Al ser una propuesta pensada desde el rock, que desde hace medio siglo permanece como la cultura joven por excelencia, son los jóvenes los principales engranajes de este mecanismo incipiente, aunque hoy suelan aparecer ilustrados como entes autómatas, desaprensivos y apáticos, fieles y exclusivos devotos del SMS, más que como paladines de la renovación. ¿Y si esto fuera cierto? ¿Cometerán el pecado de no hacerse cargo de estructuras y prácticas que se aparecen como naturalmente inobjetables, pero que siguen sin dar frutos? Nadie compra algo que siente que no sirve. “La apatía está vinculada con lo que viven los jóvenes acá, que estudian y no pueden laburar cuando se reciben, esta incertidumbre constante que implica vivir en la Argentina”, retruca Willy. Huevo, cantante de Aztecas Tupro, agrega: “Está bueno que los mensajes de la cultura rock lo lleven a uno a actuar para intentar cambiar algo. El rock siempre fue de la mano de la acción, algo que quizá no se da tanto en otras expresiones como el cine, la pintura u otros géneros musicales. Hablamos con chicos que nos vienen a ver, o colegas, y muchas veces no se sabe por dónde encarar la cosa. Cuando aparece una propuesta así, los pibes se involucran; es un ejemplo de que, cuando se les muestra un canal, ellos lo agarran, y no es que no les pase nada por la cabeza ni sean cuasi infradotados”.

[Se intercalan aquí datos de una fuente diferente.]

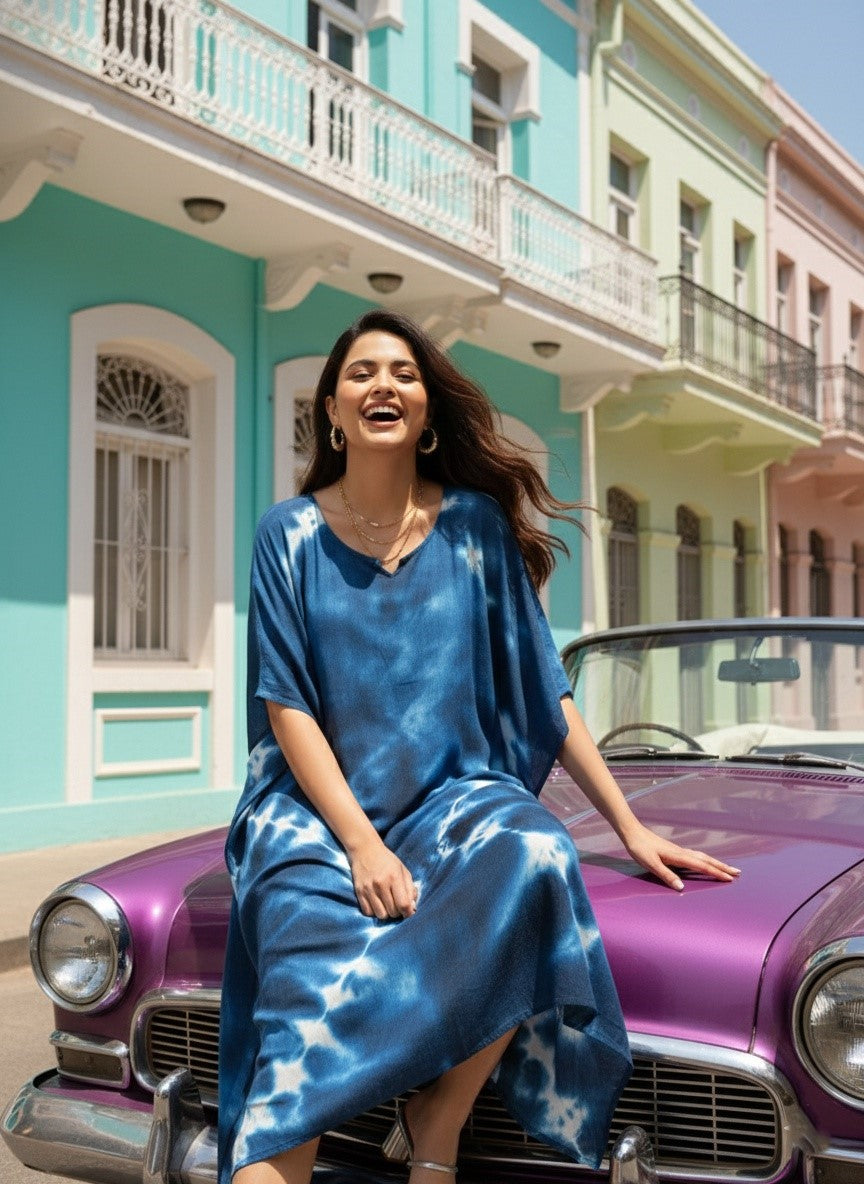 Women Rayon Crepe Tie & Dye Blue Kaftan Dress (W1348)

Por eso, dice Florencia, la de Semiyero es una propuesta política, mas no partidaria. “No hay muchos espacios donde participar y colaborar sin estar atado a una propuesta partidaria, ni sentirse manipulado. Los jóvenes no encuentran muchas propuestas concretas en las que sentirse representados. No es desinterés sino falta de espacio o agotamiento de los espacios ya existentes; hay chicos que llegan dados vuelta, pero que viajaron dos horas en colectivo con tres kilos de arroz para donar.”

* La gente de Semiyero estará este viernes con Cadena Perpetua en Obras (ver la otra nota). Las donaciones serán destinadas al comedor Niños Felices, que asiste a los vecinos de la Villa 1.11.14 del Bajo Flores.